Wyoming Waste is already proposing a 3.7% base rate increase for residential services. To cover that rising costs for recycling services, Wyoming Waste is asking for an additional 0.55% increase. Overall, Wyoming Waste is proposing a 4.25% rate increase. Foote said that currently the rate is $39.42 per month, and this proposal would increase monthly rates to $41.10.
In Wyoming Waste Systems’ contract with the City of Green River, it states they are allowed to use the United States Department of Labor, Bureau of Labor Statistics’ Consumer Pride Index (CPI) to determine rate increases and decreases. The CPI is what allows Wyoming Waste to have a base increase.
Foote explained that Wyoming Waste collects cardboard, plastics, metals, and paper items all in one bin, and those are then pushed into a walking floor trailer. The loads are then transported to a materials recovery facility (MRF) in Salt Lake City where they hand sort the materials and take the separated items to the proper facilities. Wyoming Waste is charged for the processing of the types of items in each load. When they send materials off, it is the cost of processing those recyclables that has increased.

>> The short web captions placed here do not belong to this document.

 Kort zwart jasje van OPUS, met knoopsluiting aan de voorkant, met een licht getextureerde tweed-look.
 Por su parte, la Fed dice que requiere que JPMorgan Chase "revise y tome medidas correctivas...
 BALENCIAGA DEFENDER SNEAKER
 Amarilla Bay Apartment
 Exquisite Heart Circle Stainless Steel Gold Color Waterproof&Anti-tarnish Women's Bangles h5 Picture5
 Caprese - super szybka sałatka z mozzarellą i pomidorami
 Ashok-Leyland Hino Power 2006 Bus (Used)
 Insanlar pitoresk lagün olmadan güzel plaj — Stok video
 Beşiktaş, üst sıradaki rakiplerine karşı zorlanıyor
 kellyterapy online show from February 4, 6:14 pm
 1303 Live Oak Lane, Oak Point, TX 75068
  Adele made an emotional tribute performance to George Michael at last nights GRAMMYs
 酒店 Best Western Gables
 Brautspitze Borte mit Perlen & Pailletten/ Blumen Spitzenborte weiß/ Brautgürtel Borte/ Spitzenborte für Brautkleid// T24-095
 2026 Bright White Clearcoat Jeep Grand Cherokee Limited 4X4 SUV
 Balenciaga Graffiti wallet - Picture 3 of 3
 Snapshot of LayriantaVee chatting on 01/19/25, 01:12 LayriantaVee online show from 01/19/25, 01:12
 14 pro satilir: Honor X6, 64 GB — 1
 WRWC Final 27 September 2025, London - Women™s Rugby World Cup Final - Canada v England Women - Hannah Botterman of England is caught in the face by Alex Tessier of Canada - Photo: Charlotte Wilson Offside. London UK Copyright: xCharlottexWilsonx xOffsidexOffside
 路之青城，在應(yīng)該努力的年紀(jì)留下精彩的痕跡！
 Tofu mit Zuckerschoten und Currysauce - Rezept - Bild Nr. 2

Council Member Sherry Bushman asked whether recycling is cost effective, to which Foote said it is not and she doesn’t know if or when it ever will be. Bushman questioned whether the services should continue in Green River if it is not cost effective.
“I like the program, I’m all for recycling, but it’s got to make sense. It’s got to make business sense,” Bushman said.
Foote said that while it is not cost effective, somewhere around 75-80% of residents use the curbside recycling program. People like the program and like knowing their items are being recycled, she said. Additionally, she pointed out that from January to February of this year, over 247,980 pounds of recyclables have been transported by Wyoming Waste to the MRF in Salt Lake City. Without the recycling program, an additional 124 tons of recyclable materials would have gone to the Sweetwater County landfill so far this year, Foote said.
Council Member Ron Williams said that while a 0.55% rate increase is minimal for residents, it should also be minimal for Wyoming Waste to cover that cost. He said that if Wyoming Waste has a 10-year contract with the city, if Green River decided not to approve the rate increase then Wyoming Waste would have to eat that cost. Foote said that while Wyoming Waste would still pick up the recycling, they could choose to take it to the landfill.
Council Member George Jost tossed around the idea to stop recycling some of the materials that Wyoming Waste currently picks up to cut costs of processing. Foote said that it is an option to stop collecting plastics, stating that if they just collected cardboard and paperboard they could transport it to the Ray Lovato Recycling Center in Rock Springs for $43 per ton.
In addition to the recycling request, Foote also asked the Council to change the wording in the contract for yard waste collections. Currently, Wyoming Waste does a year-round yard waste collection. However, Foote said they would like to change that to mid-April to mid-November, with one week in January for Christmas trees. She said that if people did have yard waste during the off period, they could take it to the transfer station for no extra charge. Foote did not have a dollar amount for what the cost saving would be, however, Mayor Rust said that if there was a cost saving then maybe residents could see a decrease in rates.